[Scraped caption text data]
※ ※ ※

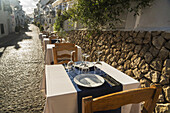 Tische zum Essen entlang einer Straße in der schönen Stadt Altea an der Costa Blanca; Altea, Alicante, Spanien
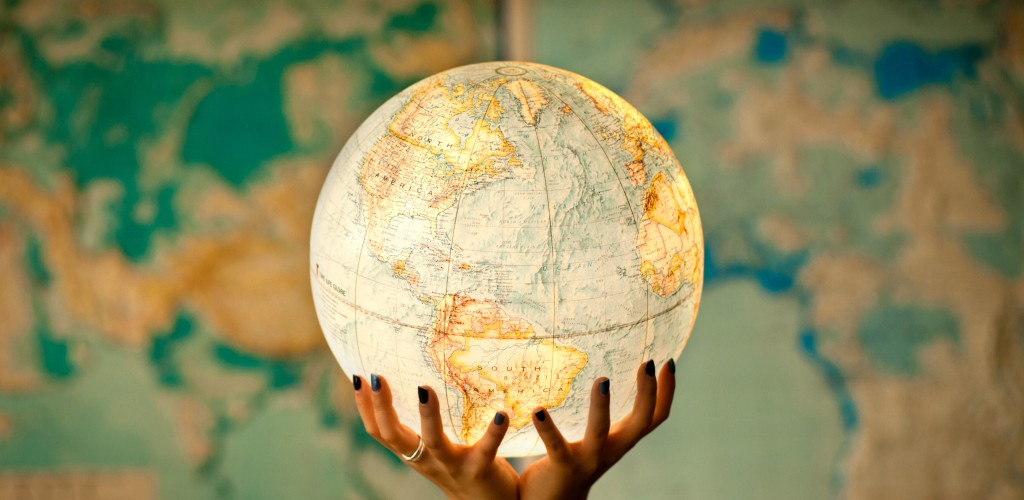 Two hands hold a globe in front of a map of the world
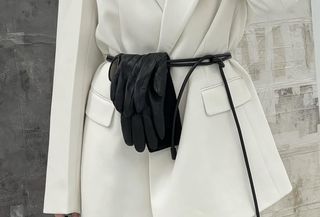 Danish fashion influencer Singe Emilie Olesen wearing black leather gloves tucked into a leather cord belt around a white blazer.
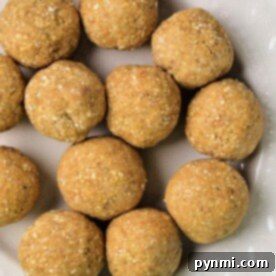 A cream-colored plate displaying round homemade matzo balls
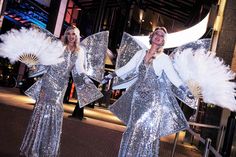 two women dressed in silver sequins and holding large white feathers are posing for the camera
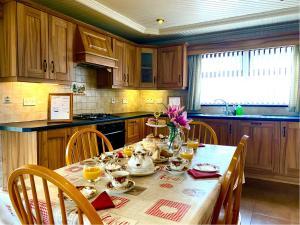 a kitchen with a table with a tea set at Glenview Cottage in Keady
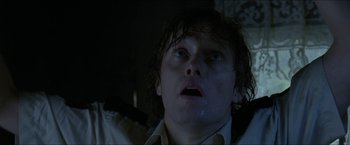 Movie still from “Headhunters” (2011), directed by Morten Tyldum – A person looking up at the sky; Close Up shot, Overhead angle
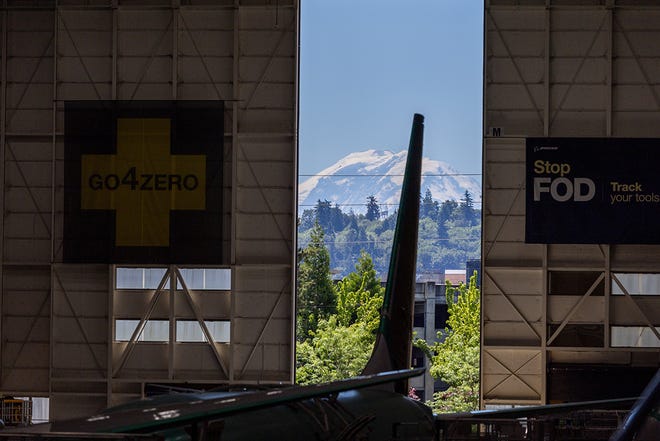 Mount Rainier looms outside the cracked open factory door as production of 737 MAX aircraft takes place at the Boeing 737 factory Tuesday, June 25, 2024 in Renton, WA.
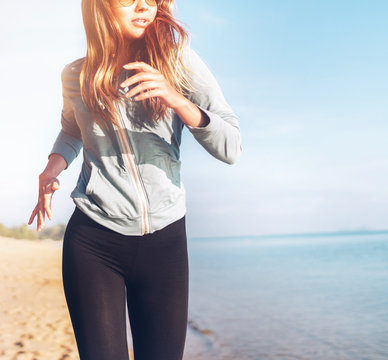 Fashionable young longhaired woman have morning jogging on the calm sea coast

※ ※ ※

- AIM OF THE EXERCISE
Write the records out again in full, exactly, and skip every picture.

- REPLY TO THE EXERCISE
 Tische zum Essen entlang einer Straße in der schönen Stadt Altea an der Costa Blanca; Altea, Alicante, Spanien
 Two hands hold a globe in front of a map of the world
 Danish fashion influencer Singe Emilie Olesen wearing black leather gloves tucked into a leather cord belt around a white blazer.
 A cream-colored plate displaying round homemade matzo balls
 two women dressed in silver sequins and holding large white feathers are posing for the camera
 a kitchen with a table with a tea set at Glenview Cottage in Keady
 Movie still from “Headhunters” (2011), directed by Morten Tyldum – A person looking up at the sky; Close Up shot, Overhead angle
 Mount Rainier looms outside the cracked open factory door as production of 737 MAX aircraft takes place at the Boeing 737 factory Tuesday, June 25, 2024 in Renton, WA.
 Fashionable young longhaired woman have morning jogging on the calm sea coast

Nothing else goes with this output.